Nearly twenty years ago, I came into this world just outside a small port in Spain by way of two midwives in the backroom of a bustling tavern. Wailing loudly, I was placed into the weary arms of my mother, a woman named Anamaria. I was told later that she had cried along with me and said, "Hello there Annabelle, I'm your mama." Annabelle (or Annie as she called me) Sparrow. Sparrow was the only last name she ever gave me. It was a name she hadn't even taken herself.

She was a hard woman, a pirate from a small Caribbean isle known as Jamaica. I never knew much about her past only that once she realized she was to have a child that she relocated to Spain. She told me once that her father was from there and when she was very young he used to take her sailing along the Spanish Coast. A love for the sea has always been in her blood. And I suppose that is why I have always loved it.

Since the moment of my birth it had always been just my mother and I. I never knew my father and she rarely spoke of him, if at all. After she had healed and felt strong enough we moved into a small house just off the coast with a woman named Frida, a cousin of my mothers'. There I had my first swimming lessons. Early in the morning before my mother had to leave for work she would wake me. We would eat small; it was never wise to eat a large breakfast before going swimming.

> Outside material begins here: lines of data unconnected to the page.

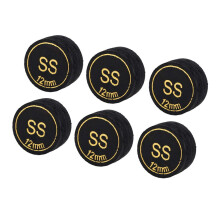 6 Stück 12 mm schwarze PU-Pool-Queuespitzen, leichte Ersatzspitzen für Billardspiele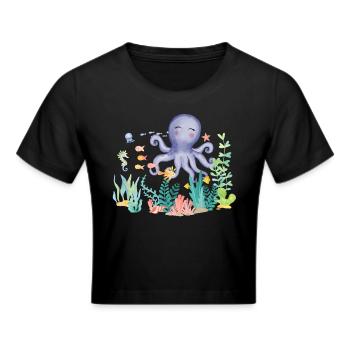 we love the ocean squid - Cropped T-Shirt - black - Front - Marisol (170cm)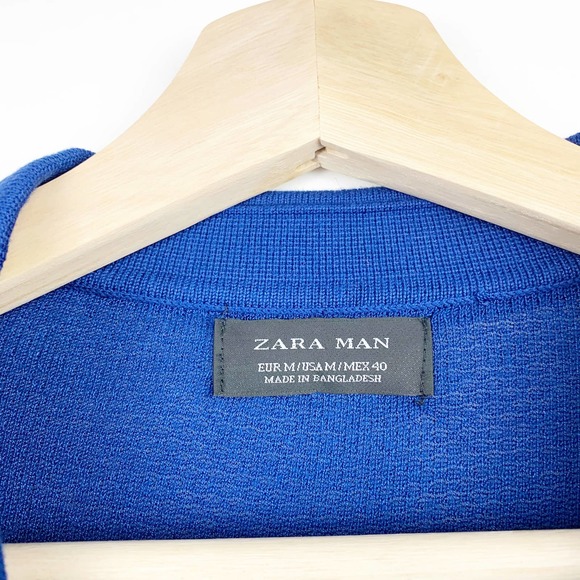 ZARA Man Viscosa Blue Polo Shirt  XS - Picture 8 of 8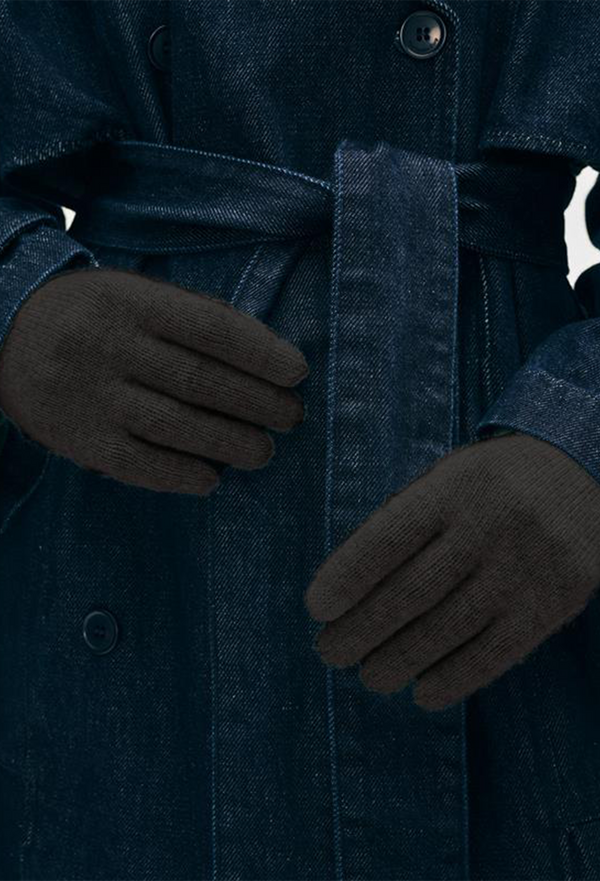 Person wearing a dark coat and black gloves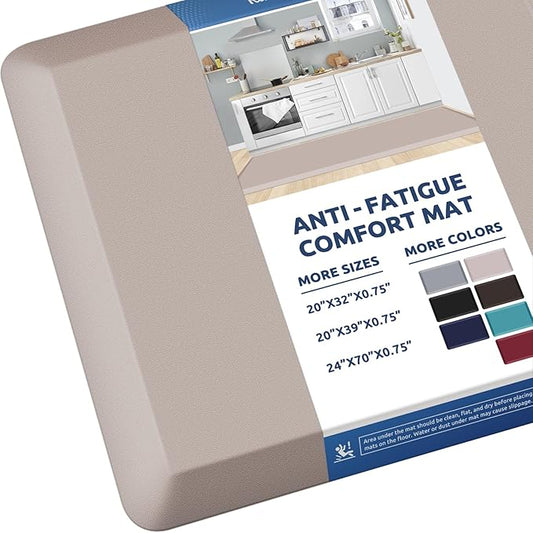 KitchenClouds Kitchen Mat Cushioned Anti Fatigue Rug 24"x70" Water Resistant, Non Slip, Standing and Comfort Desk/Floor Mats for House Sink Office (Khaki)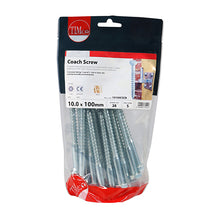 Load image into Gallery viewer, TIMCO Coach Screws Hex Head Silver - 10.0 x 100 TIMbag OF 28 - 10100CSCB
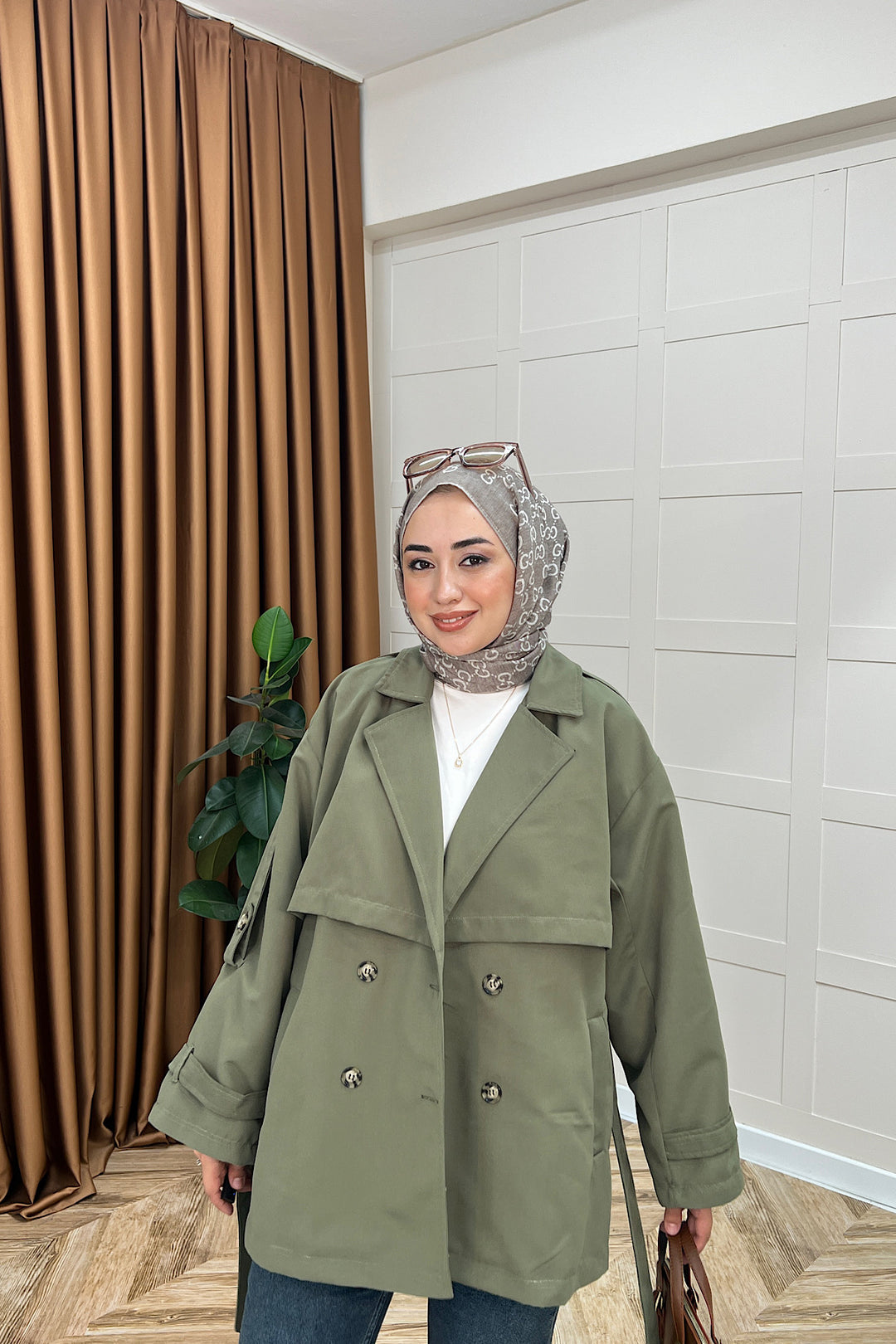 Pera Kuşaklı Trençkot Haki 5534-HAKI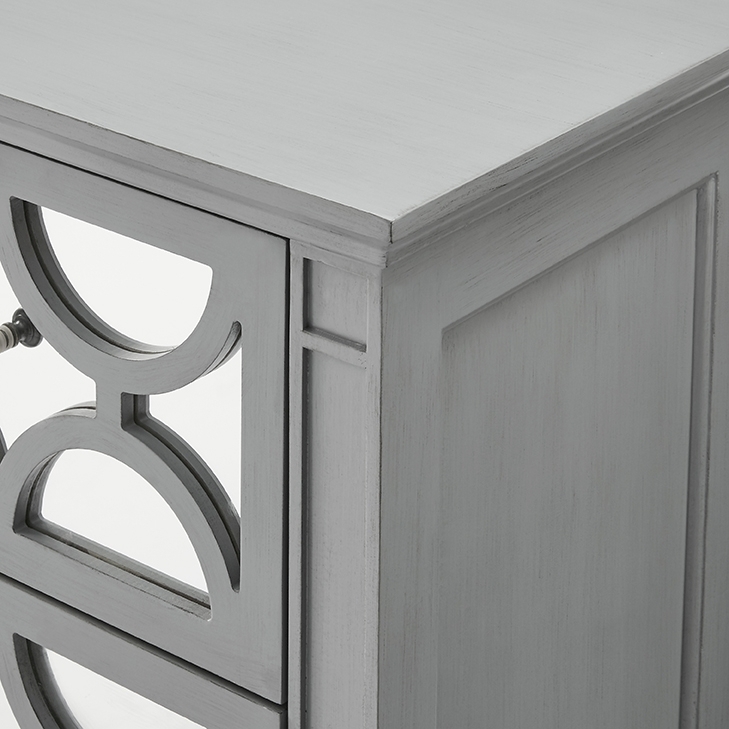 Product photograph of Yardley Grey Mirrored 2 Drawer Bedside Table from Choice Furniture Superstore.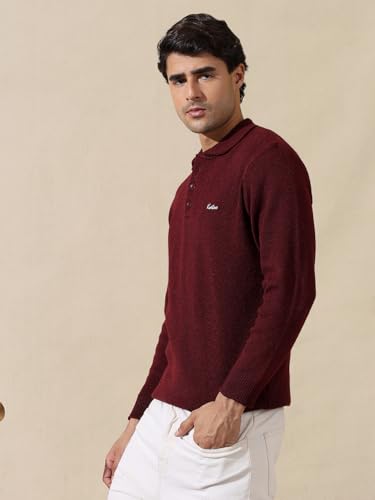 Image of Kvetoo Men's Wool Polo Collar Neck Winter Sweater Full Sleeve Solid Pullover for Casual Office Wear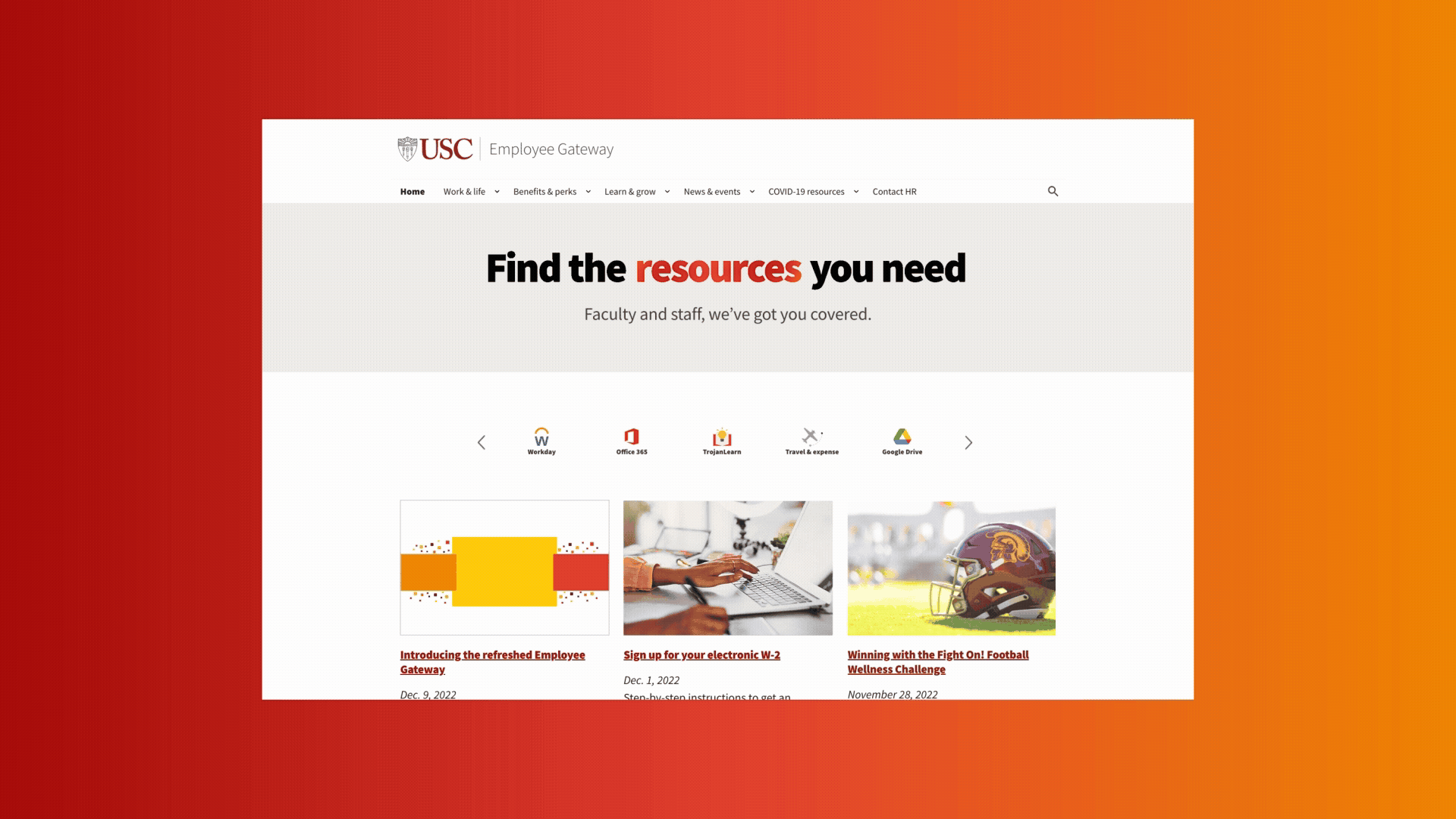 USC, Visual System & Website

Then before Frida would awaken (she'd have a fit if she knew we were swimming in our undergarments) we'd slip out the back, down a small pathway, and to the silvery waves crashing down upon the empty beach. It seemed that I had been swimming as long as I had been walking. It was one of my first memories, the ones that I can remember...but I jump ahead of myself.

Afterwards, we'd lie down and soak up the sun, letting the rays rejuvenate our limbs. Then we'd quietly go back to the house. By then Frida would awaken and prepare a proper breakfast for us while complaining about the water dripping on her wood floors. My mother would roll her eyes and usher me into our room. After we dressed, she would tie my hair back in a braid. I'd look at her in the mirror seeing her face and mine in the reflection.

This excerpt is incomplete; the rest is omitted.